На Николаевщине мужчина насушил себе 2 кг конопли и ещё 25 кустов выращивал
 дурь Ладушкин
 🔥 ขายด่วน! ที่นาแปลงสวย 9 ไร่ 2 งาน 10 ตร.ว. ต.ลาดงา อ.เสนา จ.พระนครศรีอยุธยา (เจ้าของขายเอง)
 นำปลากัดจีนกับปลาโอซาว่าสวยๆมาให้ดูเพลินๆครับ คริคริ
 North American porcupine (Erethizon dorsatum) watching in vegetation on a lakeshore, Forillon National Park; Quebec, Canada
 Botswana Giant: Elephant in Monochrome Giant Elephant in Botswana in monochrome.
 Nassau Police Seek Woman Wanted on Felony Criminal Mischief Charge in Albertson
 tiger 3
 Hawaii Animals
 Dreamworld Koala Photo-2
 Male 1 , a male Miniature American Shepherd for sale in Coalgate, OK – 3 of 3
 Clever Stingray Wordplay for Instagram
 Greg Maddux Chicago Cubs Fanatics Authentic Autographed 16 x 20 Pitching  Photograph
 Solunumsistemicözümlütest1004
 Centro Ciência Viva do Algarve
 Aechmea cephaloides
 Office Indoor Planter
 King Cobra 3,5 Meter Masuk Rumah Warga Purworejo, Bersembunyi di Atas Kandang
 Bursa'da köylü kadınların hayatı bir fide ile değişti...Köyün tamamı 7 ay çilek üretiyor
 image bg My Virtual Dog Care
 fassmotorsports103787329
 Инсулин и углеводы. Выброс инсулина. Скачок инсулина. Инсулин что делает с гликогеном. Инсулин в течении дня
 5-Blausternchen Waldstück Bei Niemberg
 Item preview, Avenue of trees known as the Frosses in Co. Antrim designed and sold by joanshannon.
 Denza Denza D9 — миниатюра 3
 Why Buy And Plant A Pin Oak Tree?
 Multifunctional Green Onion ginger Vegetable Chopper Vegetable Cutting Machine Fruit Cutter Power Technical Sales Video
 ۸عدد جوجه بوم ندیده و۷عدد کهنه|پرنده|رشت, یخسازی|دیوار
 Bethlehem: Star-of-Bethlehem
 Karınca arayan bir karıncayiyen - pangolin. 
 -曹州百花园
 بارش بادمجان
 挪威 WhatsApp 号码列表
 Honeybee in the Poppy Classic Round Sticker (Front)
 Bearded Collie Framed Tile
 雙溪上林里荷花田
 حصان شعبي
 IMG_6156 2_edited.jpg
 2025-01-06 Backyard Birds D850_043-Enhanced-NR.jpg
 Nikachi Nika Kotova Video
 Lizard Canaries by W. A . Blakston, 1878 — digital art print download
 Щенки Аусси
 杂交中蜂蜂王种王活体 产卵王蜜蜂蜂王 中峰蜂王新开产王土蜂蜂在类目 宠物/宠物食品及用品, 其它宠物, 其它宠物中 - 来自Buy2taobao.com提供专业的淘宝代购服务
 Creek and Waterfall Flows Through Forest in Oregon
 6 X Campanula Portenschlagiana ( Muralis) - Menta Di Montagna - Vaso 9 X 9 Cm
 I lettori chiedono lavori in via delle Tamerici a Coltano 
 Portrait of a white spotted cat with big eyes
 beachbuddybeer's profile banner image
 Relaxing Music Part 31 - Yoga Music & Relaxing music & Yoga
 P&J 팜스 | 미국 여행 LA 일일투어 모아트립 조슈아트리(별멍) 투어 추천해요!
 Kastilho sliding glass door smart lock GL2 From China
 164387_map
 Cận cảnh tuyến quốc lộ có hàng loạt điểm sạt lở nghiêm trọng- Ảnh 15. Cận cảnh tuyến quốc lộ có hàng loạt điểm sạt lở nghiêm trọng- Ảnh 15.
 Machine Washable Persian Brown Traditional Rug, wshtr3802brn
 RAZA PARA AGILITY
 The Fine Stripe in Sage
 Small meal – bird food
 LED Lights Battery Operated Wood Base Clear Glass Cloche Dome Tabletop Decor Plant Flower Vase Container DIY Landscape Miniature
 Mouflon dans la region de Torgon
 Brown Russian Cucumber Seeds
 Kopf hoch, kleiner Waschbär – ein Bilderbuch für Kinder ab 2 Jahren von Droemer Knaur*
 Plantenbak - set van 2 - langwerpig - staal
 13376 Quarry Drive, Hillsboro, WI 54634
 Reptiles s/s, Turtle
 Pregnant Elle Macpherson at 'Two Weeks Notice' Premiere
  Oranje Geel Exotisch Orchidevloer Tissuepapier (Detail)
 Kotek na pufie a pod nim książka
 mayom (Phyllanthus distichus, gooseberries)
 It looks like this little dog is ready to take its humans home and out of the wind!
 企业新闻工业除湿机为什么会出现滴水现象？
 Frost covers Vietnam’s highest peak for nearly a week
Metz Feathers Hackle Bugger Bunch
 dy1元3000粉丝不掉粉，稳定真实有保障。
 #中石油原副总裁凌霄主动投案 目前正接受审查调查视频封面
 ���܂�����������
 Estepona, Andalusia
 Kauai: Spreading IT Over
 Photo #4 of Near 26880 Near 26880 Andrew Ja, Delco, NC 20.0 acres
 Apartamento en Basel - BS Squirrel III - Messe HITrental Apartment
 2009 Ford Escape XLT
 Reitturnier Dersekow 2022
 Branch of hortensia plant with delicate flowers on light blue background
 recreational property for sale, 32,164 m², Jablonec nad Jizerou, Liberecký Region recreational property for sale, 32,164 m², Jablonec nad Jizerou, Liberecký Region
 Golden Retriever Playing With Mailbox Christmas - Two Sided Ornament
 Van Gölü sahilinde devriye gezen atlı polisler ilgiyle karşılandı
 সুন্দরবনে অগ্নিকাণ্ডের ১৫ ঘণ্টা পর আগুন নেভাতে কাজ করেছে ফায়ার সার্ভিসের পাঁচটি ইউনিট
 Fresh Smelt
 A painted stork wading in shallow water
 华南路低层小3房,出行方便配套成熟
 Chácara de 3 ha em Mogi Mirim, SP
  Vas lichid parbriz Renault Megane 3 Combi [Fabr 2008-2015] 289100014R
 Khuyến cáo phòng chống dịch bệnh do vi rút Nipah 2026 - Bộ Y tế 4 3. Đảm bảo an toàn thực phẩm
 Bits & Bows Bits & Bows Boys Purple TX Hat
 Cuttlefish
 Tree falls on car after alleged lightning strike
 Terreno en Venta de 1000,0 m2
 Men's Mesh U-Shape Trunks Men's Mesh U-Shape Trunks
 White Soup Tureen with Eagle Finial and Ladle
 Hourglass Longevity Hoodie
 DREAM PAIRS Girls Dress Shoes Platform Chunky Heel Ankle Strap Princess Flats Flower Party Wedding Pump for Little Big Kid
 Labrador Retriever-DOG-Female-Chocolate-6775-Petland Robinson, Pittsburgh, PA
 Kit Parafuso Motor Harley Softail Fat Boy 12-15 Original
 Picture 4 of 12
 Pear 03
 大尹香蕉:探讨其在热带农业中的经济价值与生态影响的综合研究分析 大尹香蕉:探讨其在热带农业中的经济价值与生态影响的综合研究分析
*-*-*
Wherever "Brown" occurs in the entries above, copy the line it sits on.

# Result for this task
 Machine Washable Persian Brown Traditional Rug, wshtr3802brn
 Brown Russian Cucumber Seeds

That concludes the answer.